** STUDY MATERIAL follows **

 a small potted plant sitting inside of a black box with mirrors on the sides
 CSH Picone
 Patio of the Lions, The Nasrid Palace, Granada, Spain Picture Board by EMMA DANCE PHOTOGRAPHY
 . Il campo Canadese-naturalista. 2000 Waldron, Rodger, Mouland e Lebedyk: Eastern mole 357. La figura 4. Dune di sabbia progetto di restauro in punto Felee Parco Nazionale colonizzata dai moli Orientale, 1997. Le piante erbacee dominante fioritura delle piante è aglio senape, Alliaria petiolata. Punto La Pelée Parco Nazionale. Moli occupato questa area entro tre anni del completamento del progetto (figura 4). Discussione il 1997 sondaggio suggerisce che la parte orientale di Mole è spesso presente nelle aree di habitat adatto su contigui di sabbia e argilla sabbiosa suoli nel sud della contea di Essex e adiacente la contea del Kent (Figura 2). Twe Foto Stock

** End of STUDY MATERIAL **
** STUDY MATERIAL follows **

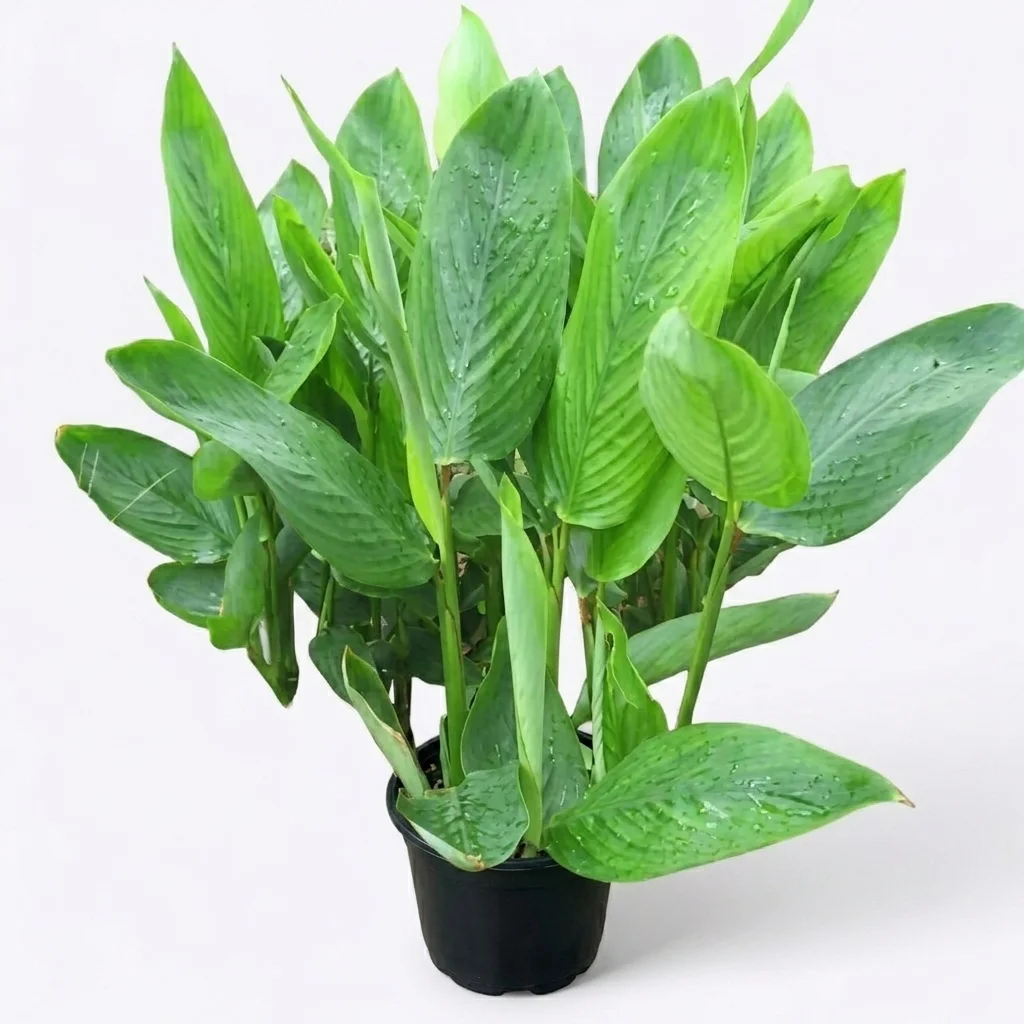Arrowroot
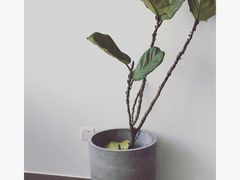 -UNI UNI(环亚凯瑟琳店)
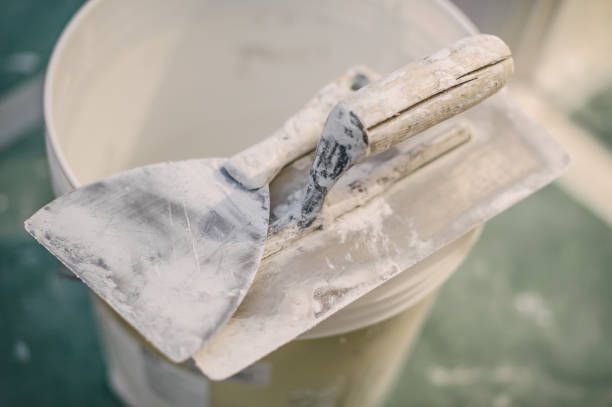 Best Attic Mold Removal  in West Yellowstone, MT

** End of STUDY MATERIAL **

Print, exactly and with no pictures, the lines of the listing above starting at the one that has "-UNI UNI(环亚凯瑟琳店)" and ending at the one that has "Best Attic Mold", both included.

 -UNI UNI(环亚凯瑟琳店)
 Best Attic Mold Removal  in West Yellowstone, MT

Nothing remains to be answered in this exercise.